TASK DIRECTIONS:
Transcribe, starting at the line with "Photo - Luxurious 2 Bedroom Condo Unit 1" and ending at the line with "Audi A3 Sportback in Fahrt", every line of the material below exactly, but leave out the pictures and anything outside that span.

GIVEN RECORDS:
════
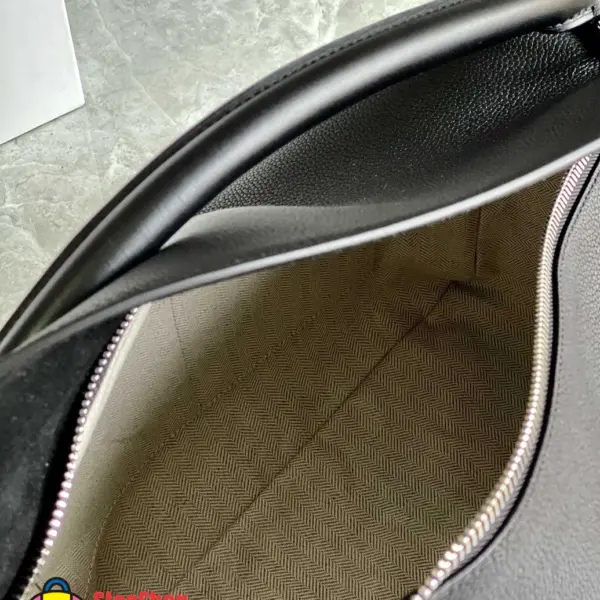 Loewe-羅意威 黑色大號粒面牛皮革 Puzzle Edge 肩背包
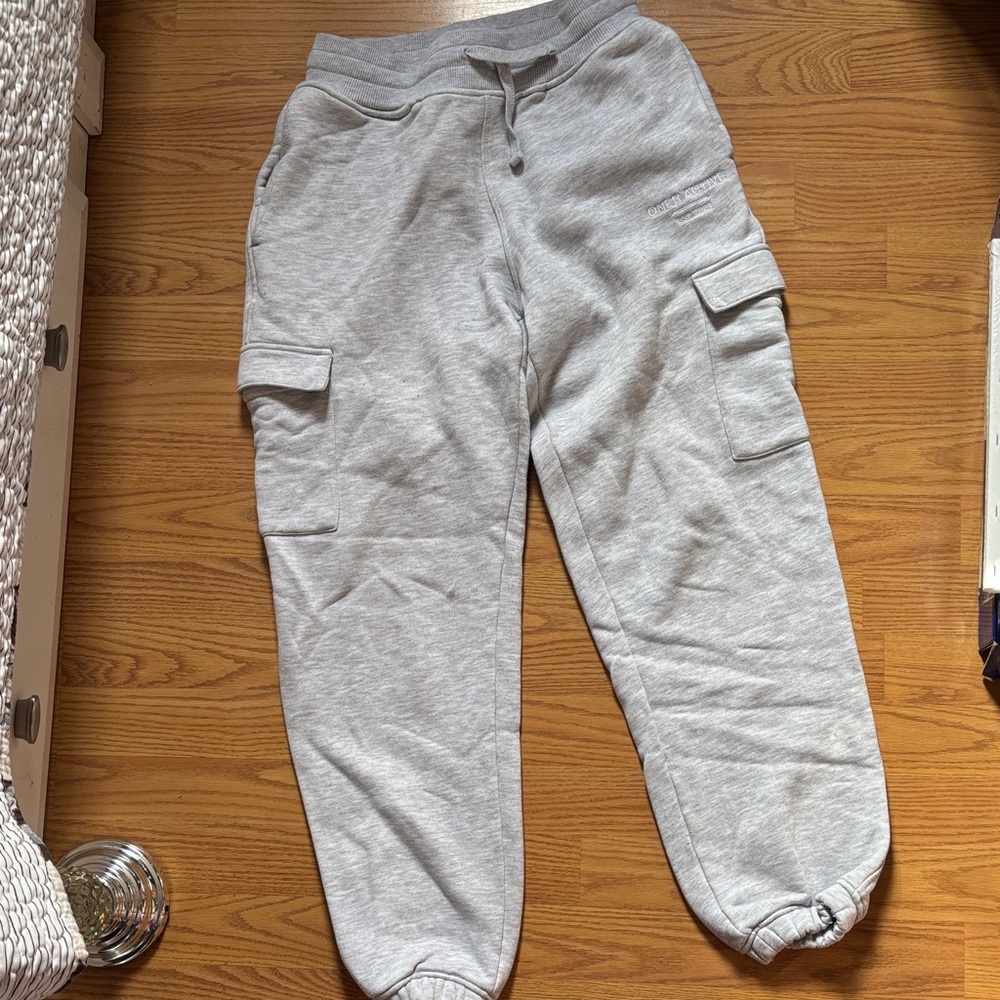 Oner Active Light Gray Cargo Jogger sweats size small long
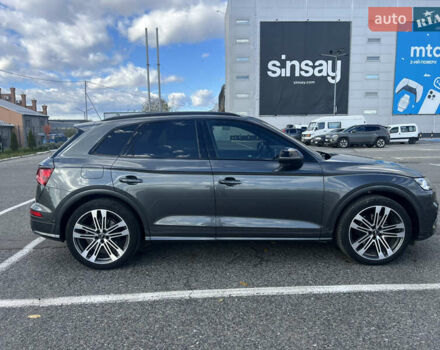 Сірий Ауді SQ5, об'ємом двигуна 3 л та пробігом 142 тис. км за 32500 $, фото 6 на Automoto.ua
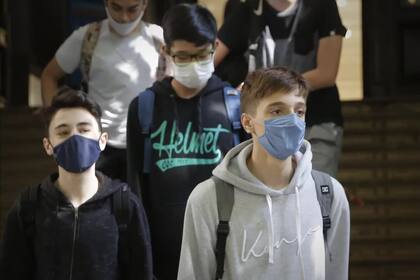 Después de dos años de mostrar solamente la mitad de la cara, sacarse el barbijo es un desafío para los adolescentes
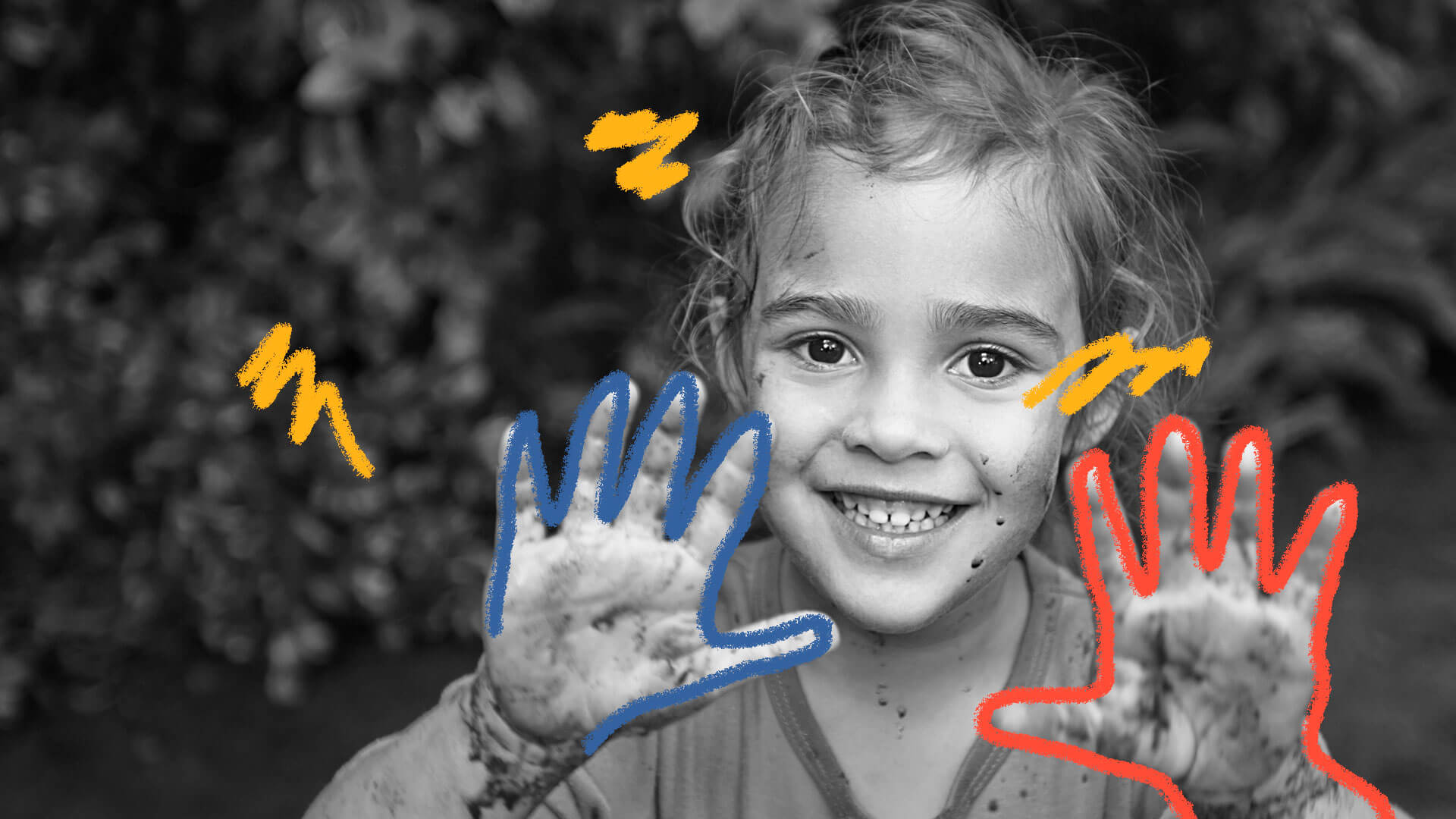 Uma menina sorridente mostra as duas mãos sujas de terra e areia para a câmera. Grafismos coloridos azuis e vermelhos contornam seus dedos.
════
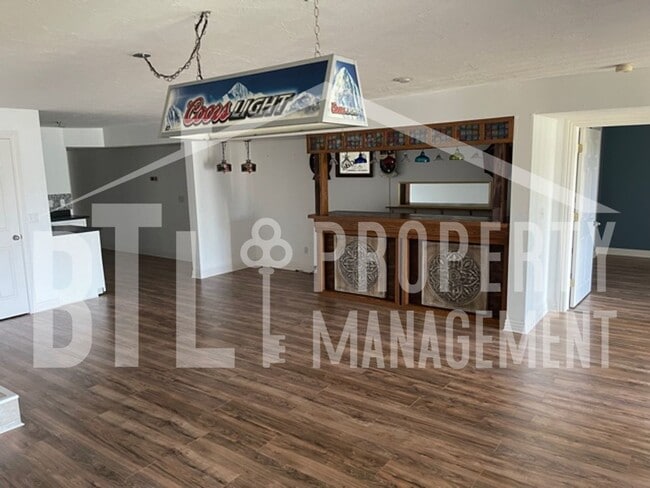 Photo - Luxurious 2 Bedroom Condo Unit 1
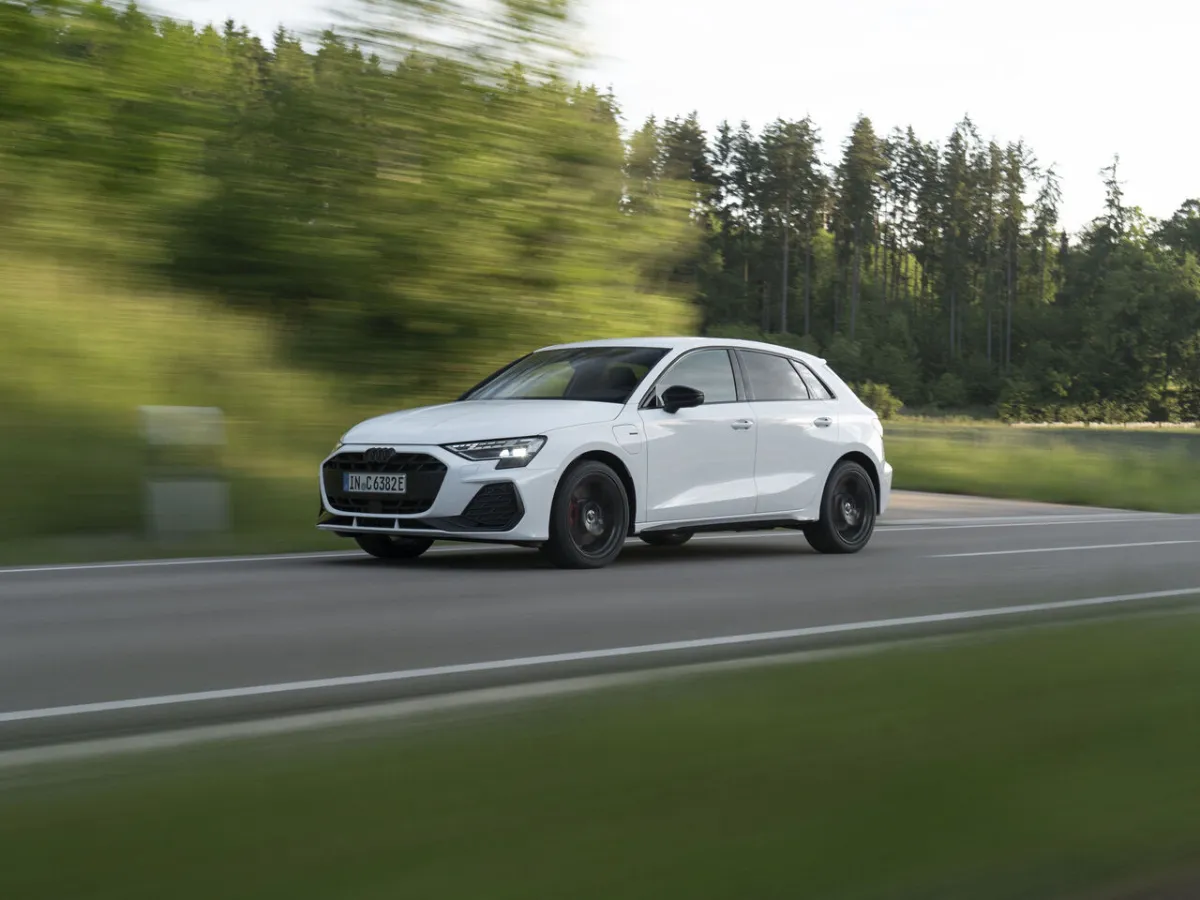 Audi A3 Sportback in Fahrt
════
SOLUTION BELOW:
 Photo - Luxurious 2 Bedroom Condo Unit 1
 Audi A3 Sportback in Fahrt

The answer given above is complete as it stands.